Punyasloke Bhadury et al. PLoS One. 2011.

Abstract

Nematodes and fungi are both ubiquitous in marine environments, yet few studies have investigated relationships between these two groups. Microbial species share many well-documented interactions with both free-living and parasitic nematode species, and limited data from previous studies have suggested ecological associations between fungi and nematodes in benthic marine habitats. This study aimed to further document the taxonomy and distribution of fungal taxa often co-amplified from nematode specimens. A total of 15 fungal 18S rRNA phylotypes were isolated from nematode specimens representing both deep-sea and shallow water habitats; all fungal isolates displayed high pairwise sequence identities with published data in Genbank (99-100%) and unpublished high-throughput 454 environmental datasets (>95%).
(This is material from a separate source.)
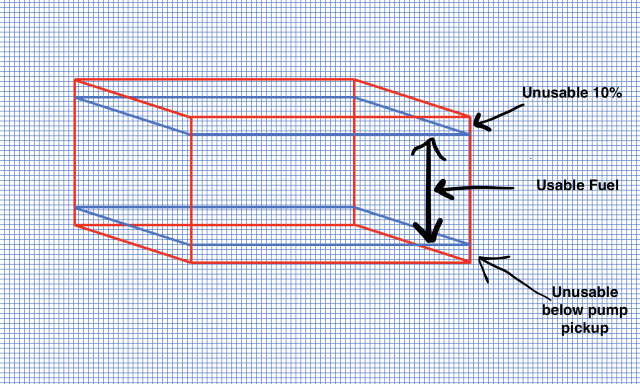 Fuel Storage Tanks: Rated vs Actual Capacity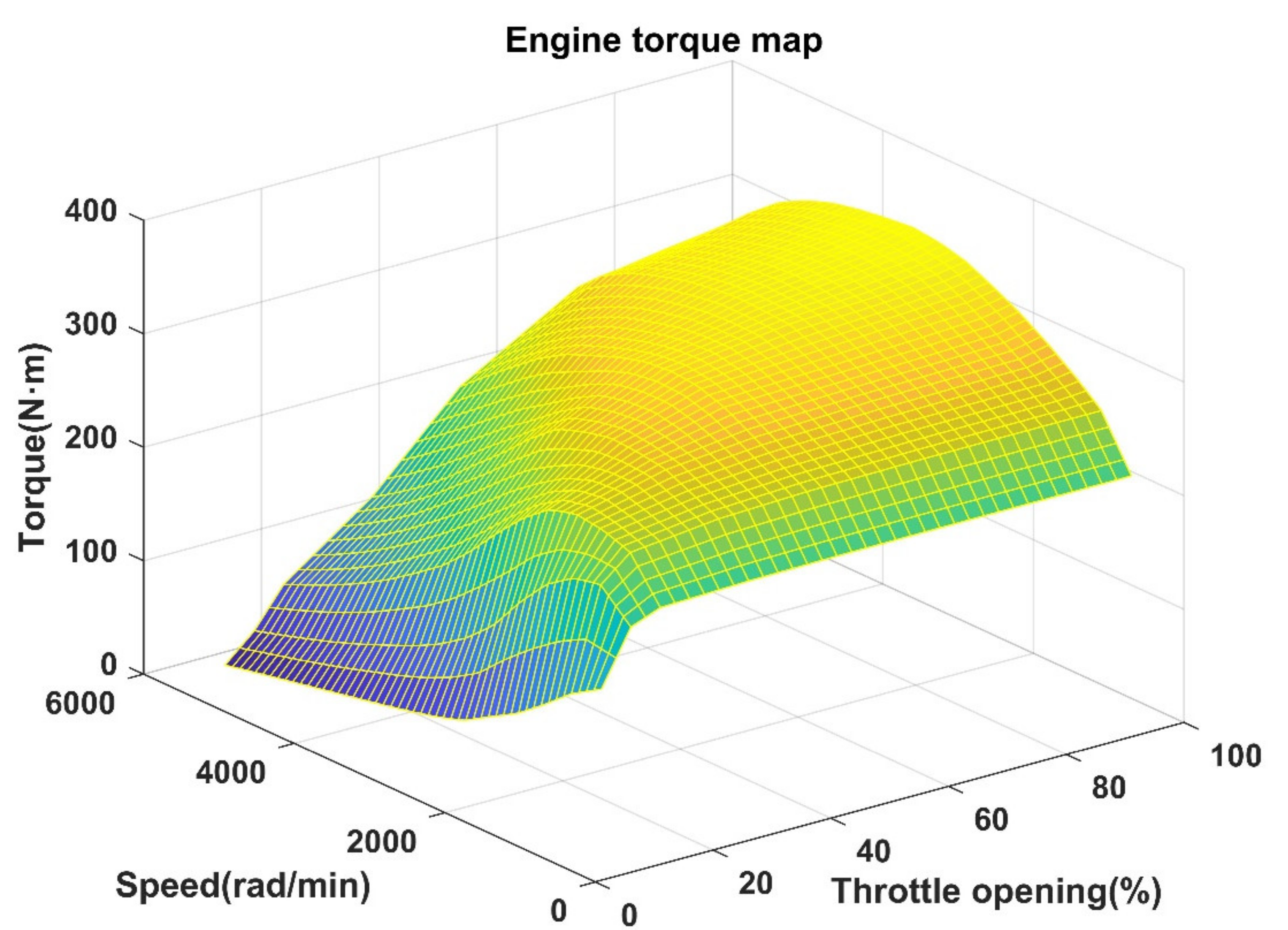 Machines 09 00196 g002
BLAST matches indicate marine fungal sequences amplified in this study broadly represent taxa within the phyla Ascomycota and Basidiomycota, and several phylotypes showed robust groupings with known taxa in phylogenetic topologies. In addition, some fungal phylotypes appeared to be present in disparate geographic habitats, suggesting cosmopolitan distributions or closely related species complexes in at least some marine fungi. The present study was only able to isolate fungal DNA from a restricted set of nematode taxa; further work is needed to fully investigate the taxonomic scope and function of nematode-fungal interactions.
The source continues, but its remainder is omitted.